Vernon married Elizabeth Meadows. We went to visit Bessie in Standish, Wigan, in September 2010. Bessie said she was 38 when she and Vernon bought a grocery shop and butcher business so that they could combine them and make a Post Office. Vernon was the Post Master. Ellis Leach (son of John William Leach) came over to England on business in about 1959. He flew to Manchester and took a taxi to see Vernon and Bessie. Their son, Ian, was probably 11 or 13 at the time and he remembers Ellis as a small man and that he was the head of a carpet company in Connecticut.

Vernon Aspinall b. 1915 with his cousin Tom Leach b. 1912

Their mother, Mary Leach, died 6th August 1921 and by this time Deb was the only one left living at 13 Vauxhall Road. Deb and her family lived in her parent's home all their married life. When her sister, San, visited Deb in 1951, she found that the care packages they had sent to her from the United States during World War II had not been opened! Deb's house had a toilet at the back of the garden. There was never any running hot water in the house.

Trevor remembers visiting his Aunt Deb's house. The living room had a black ornate cuckoo clock on the left hand side wall. Deb let Trevor wind up the clock by pulling down on the long chain that hung down. He liked it when the cuckoo came out. Deb always wore black which made her a little frightening. She was a very petite lady. Trevor remembers her lovely smile.

Jim's sister, Mary Elizabeth Leach (Betty) was born 24th February 1871 and married J Belshaw in June 1903 and had a son, James Belshaw (born 10 May 1905 in Wigan) and a daughter Eleanor (born 19 January 1899). It appears that they left England to live in the United States of America in 1909.

When she was fifty years old, Mary Elizabeth departed on a ship "Cedric" from Liverpool on 9th May 1921 with her son who was sixteen years old. The ship arrived at the port of New York and records show that they were joining their husband and father J Belshaw in Clinton, Indiana. It states that they had already been in the USA for eleven years, since 21st December 1909, and had been permanent residents of Clinton. The listing is on a "List or Manifest of Alien Passengers for the United States". It lists Mary's occupation as housewife and James' a miner. It gives the address of her mother as 13 Vauxhall Road, Wigan. It says that they intended to live in the USA "always". Mary Elizabeth had $80 with her.

There is a listing on the web with James Belshaw's birth date and gives his social security number as 313-07-8180 and his death date as May 1980 in Indiana.

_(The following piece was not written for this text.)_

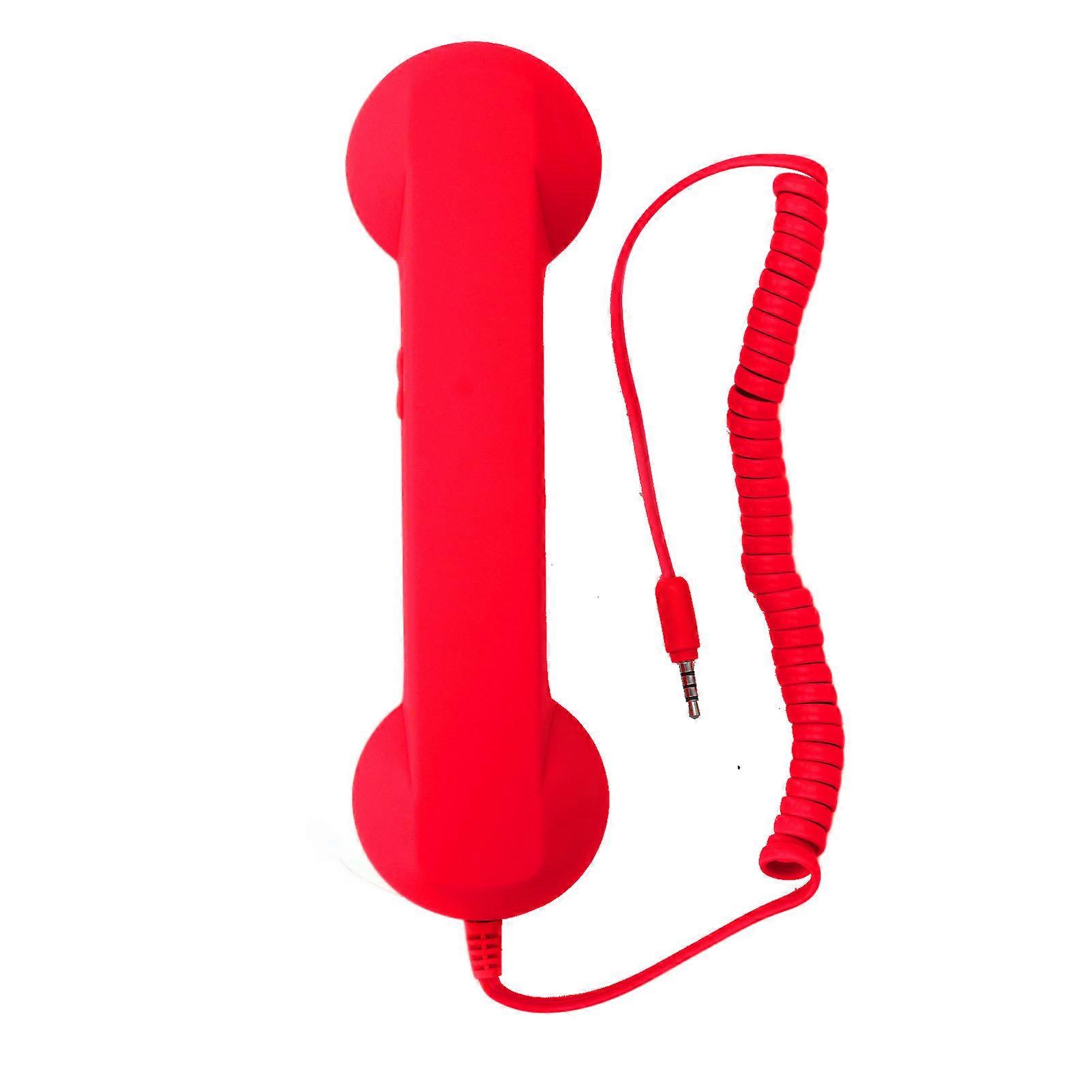 Retro Multifunction Mobile Phone, Radiation-Resistant, Clear Sound, Cordless, for Home, Travel and Office, Red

Their mother, Mary Leach, died at age sixty-nine on 6th August 1921. Perhaps Mary Elizabeth made the trip to England in 1921 to see her mother before she died. Less than three months later, her mother died in August 1921.

Jim's sister, Margaret Ann Leach (Maggie) Leach was born 26th January 1872 to Mary and Tom Leach. She married ? Dowey in June 1894. They had a daughter Eva Dowey who was age six at the time of the 1901 Census. They were living with her parents at that time. They later had a son called Richard Leach Dowey who was born on 26 Feb/Sept 1908. Maggie left England for the United States of America in about 1908. She lived in Boston, Mass. for a while. She died in May 1945.

Jim's youngest sister, Alice Ann Leach (San), left England in 1923 at age twenty-seven, after her parents had both died. She married John William Burton on 23rd October 1927. He was from Shildon, England. They had one son, Tom Burton born in 1929. Tom and Alberta had five sons from 1949 to 1965.

Alice Ann Leach (San)




Alice Ann Leach (San) with her son Tom Burton and his wife Alberta Burns

Alice Ann (San) Leach was born on 5th May 1896 at 13 Vauxhall Road, Wigan, to Mary and Tom Leach. Alice Ann was the youngest of the nine Leach children. Her mother had given birth to thirteen babies but only nine lived; she was forty-four years old when she gave birth to Alice Ann.

Alice Ann started school at five in 1901. When she was about seven years old, she had scarlet fever. In 1909, when she was thirteen, Alice Ann left school and she started work as a weaver in cottonmills. She gave her earnings to her mother. Her father died when she was only fifteen.

In 1911, Alice Ann was given a Birthday Scripture Textbook by her sister and brother-in-law, Deb and Roger Aspinall. Alice Ann used this little book to write names and dates of births and deaths and marriages. Most of the dates for the Leach family tree were found from Alice Ann's detailed notes in this book.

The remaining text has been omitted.